Namun sayangnya apa yang terjadi di negeri ini tidaklah demikian. “Di Indonesia kita pakainya hisab dan rukyat. Kita berpatokan pada dua hal ini. Ini metode yang paling kita yakini benar untuk menetapkan tanggal 9 dan 10 Dzulhijah," ucap Direktur Penerangan Agama Islam (Penais) Ditjen Bimas Islam Kemenag, Khoirudin (republika.co.id, 13/08/2018). Akibatnya, di Indonesia hari raya jatuh pada hari Rabu tanggal 22 Agustus 2018. Padahal Mahkamah Agung Arab Saudi memutuskan Idul Adha 1439 H jatuh pada hari Selasa tanggal 21 Agustus 2018 (news.detik.com, 12/08/2018).

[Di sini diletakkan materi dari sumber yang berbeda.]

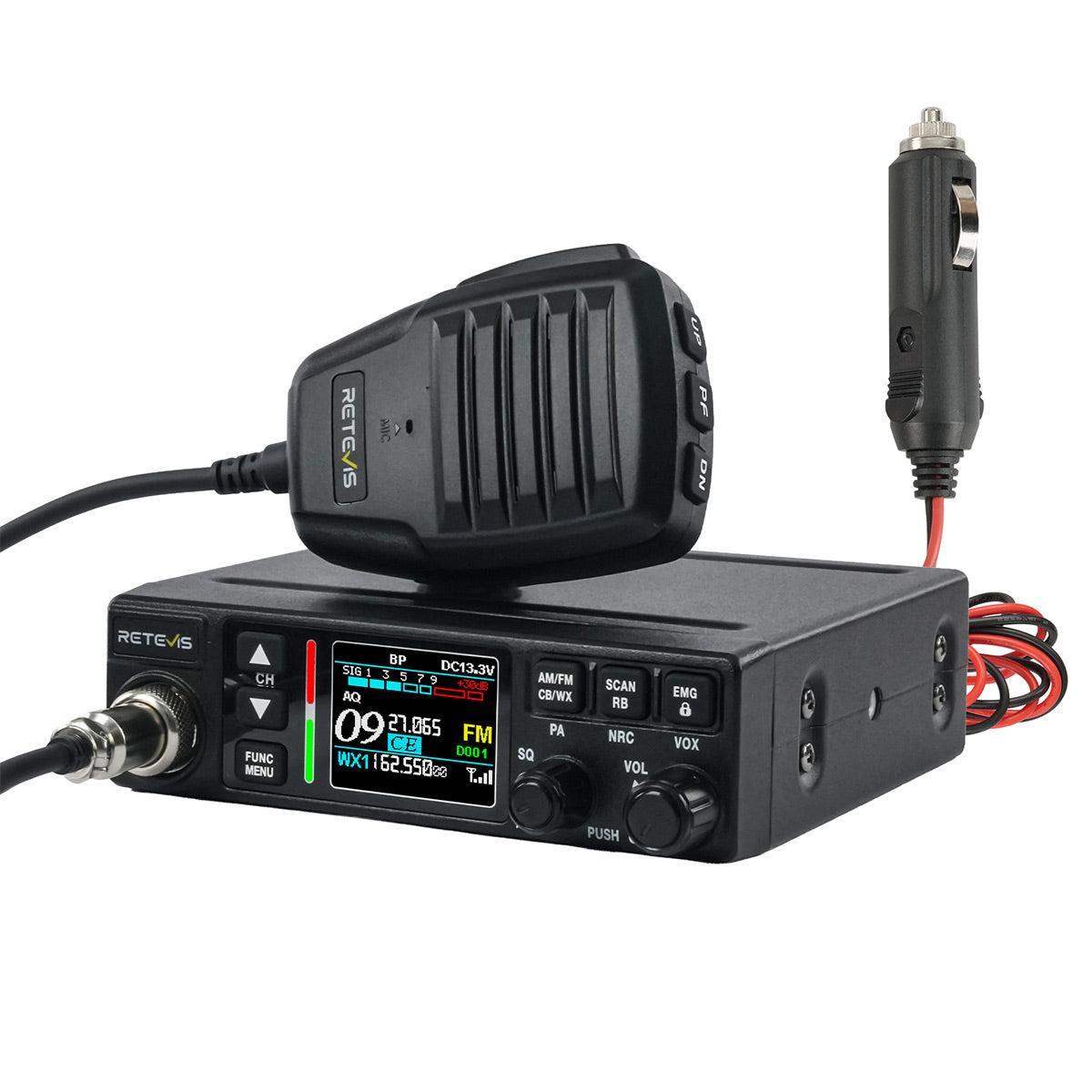 Retevis MB3B Dual-Mode AM/FM CB Radio with NRC Noise Reduction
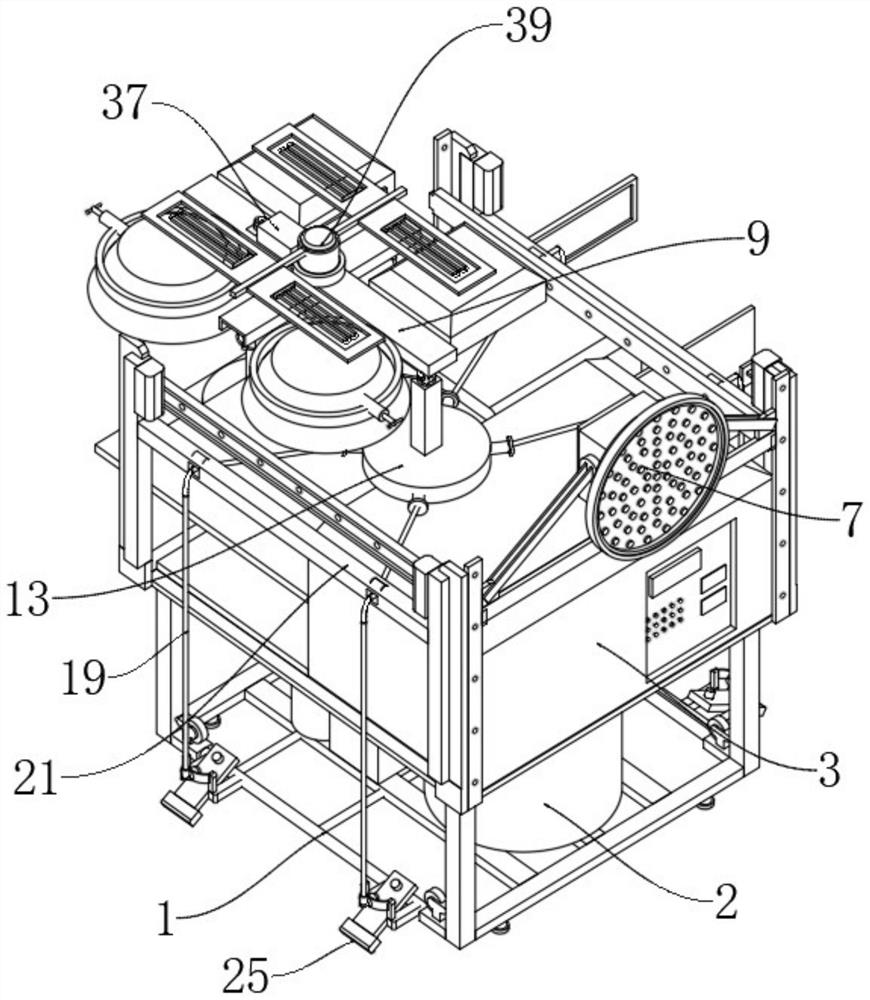 Mobile lighting lighthouse with adjusting equipment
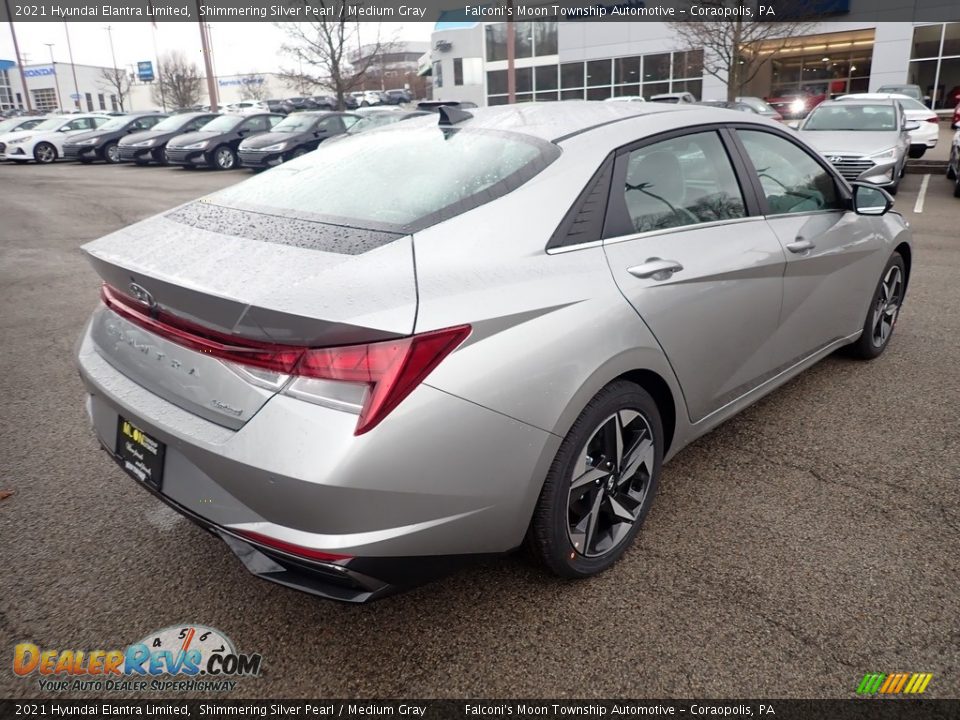 2021 Hyundai Elantra Limited Shimmering Silver Pearl / Medium Gray Photo #2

Menetapi apa yang disampaikan Rasul bahwa Dzulhijjah di tentukan dengan rukyat hilal dan penetapan hari rayanya diserahkan kepada amir Makkah, maka sangat wajar jika mayoritas negeri muslim di dunia melaksanakan idul fitri tanggal 21 Agustus 2018. Begitu pula sebagian muslim Indonesia. Memandang hal ini, tak bijak jika mereka dilempari tuduhan tidak nasionalis lalu memunculkan sentimen agar pindah ke Arab saja. Sebab apa yang dilakukan muslim demikian sebenarnya adalah bukti ketundukannya pada Allah, dengan menetapi apa yang disabdakan oleh Rasulullah. Sikap demikian murni berkaitan dengan keyakinan, kepatuhan pada ajaran Islam. Bukan perwujudan ajaran radikal sebagaimana yang mereka tuduhkan.

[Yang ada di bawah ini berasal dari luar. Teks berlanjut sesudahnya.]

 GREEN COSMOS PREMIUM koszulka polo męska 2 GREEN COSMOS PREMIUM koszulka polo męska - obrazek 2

Yang menjadi persoalan sebenarnya adalah apa yang melatarbelakangi lahirnya kebijakan yang berbeda. Sebab di antara ulama yang duduk di majelis sidang isbat pasti banyak yang paham hadits di atas. Namun memberikan hasil berbeda. Pemicunya adalah faktor kebijakan politik. Kebijakan lokal sentris inilah yang pada akhirnya menjadi awan penutup hilal global. Kebijakan ini lahir sebagai konsekuensi nasionalisme, sekat imajiner yang menjadikan muslim seolah terpisah-pisah, merasa beda antarnegara. Sengaja dilahirkan oleh kapitalisme demokrasi agar persatuan kaum muslim tak pernah terwujud. Agar kaum muslimin terus dalam keterpecahan dan jauh dari kebangkitan.


Atas nama sekat imajiner tadi, perbedaan disahkan dengan mengedepankan logika masing-masing. Jika sudah begini, fanatisme lah yang terasa. Dan Rasul melarangnya: “Barangsiapa yang terbunuh di bawah bendera (fanatisme) buta, mengajak pada ashobiyyah atau menolong karena ashobiyyah (fanatik), maka matinya seperti mati Jahiliyyah” (H.R Muslim dari Jundab bin Abdillah al-Bajaliy). [Arin RM].